Location
- 10 Hoi Chak Street Quarry Bay Hong Kong

Information
- Motto: Humility, Respect, Kindness & Love
- Established: 1959
- Founder: Magdalena of Canossa
- Houses: Humility Respect Kindness Love
- Website: http://www.canossa.edu.hk/

= Canossa College =

Catholic, all-girls' school in Hong Kong

Canossa College (嘉諾撒書院) is a Catholic, all-girls' school, founded in 1959 in Hong Kong. Canossa College is funded by the Government as a subsidised school.

==History==
- 1890 Canossian Sisters in Italy came to Hong Kong in 1860 and to set up the new Canossian Convent Secondary School in 1890
- 1891 Mr. David Sasson donated 3000 sq. ft. of land in Shaukeiwan to establish the House of Shaukeiwan and a primary school for Chinese children.
- 1932 The primitive House was replaced by a solid three-storey building. The government subsidized Primary School and the Convent, serving pupils of normal sight since 1938.
- 1941–45 Occupied by the Japanese Military government during World War II
- 1950 The school and the convent were returned to the Institute and the Chinese Primary School was restored in 1951.
- 1959 Canossian Convent Secondary School was officiated with an enrolment of 92 students.
- 1984 To cope with the rapid development in the Eastern District of Hong Kong, the school was transferred to the present site. The secondary section of the School was renamed Canossa College and the primary section Canossa School (H.K.).
- 2004 A four-storey wing was erected from the parking area.

==School clubs==
There are 42 clubs in total. Form one to form five students are required to participate in at least one extra-curricular activity (either an academic club, a sports team or an instrument class) and at most four clubs. Catholic students are required to attend events organised by the Religious Affairs Club on top of meetings of other clubs.

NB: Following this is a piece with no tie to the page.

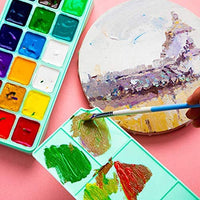 HIMI Gouache - Juego de pintura de 18 colores x 1.0 fl oz, diseño único de jalea, estuche portátil con paleta para artistas, estudiantes, pintura de acuarela opaca - Arteztik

| Language | Academics | Sports | Uniform | Others | Services |
| Chinese Society | Science Society | Sports Association | Girl Guides | Arts Society | Civic Ambassadors Assembly |
| English Society | Mathematics Society | Badminton Team | Red Cross | Cookery Club | National Ambassadors Club |
| Putonghua Society |  | Swimming Team |  | Computer Society | Community Youth Club |
| Chinese Debate Society |  | Table Tennis Team |  | Photography Club | Foster Prefects |
| English Debate Society |  | Tennis Team |  | Make-up Class | Library Prefects |
| The Breeze (Chinese) (School press) |  | Trampoline Team |  | English Drama Club | Discipline Prefects |
| The Breeze (English) (School press) |  | Volleyball Team |  | Junior Police Call | Student Union |
|  |  | Houses |  | Bridge Club | Religious Affairs Committee |
|  |  |  |  | Japanese Culture Club |

Club committees are either appointed by teachers or elected by club members on the first meeting.

Eighty-percent of attendance is required or ranking will not be shown on students' report card.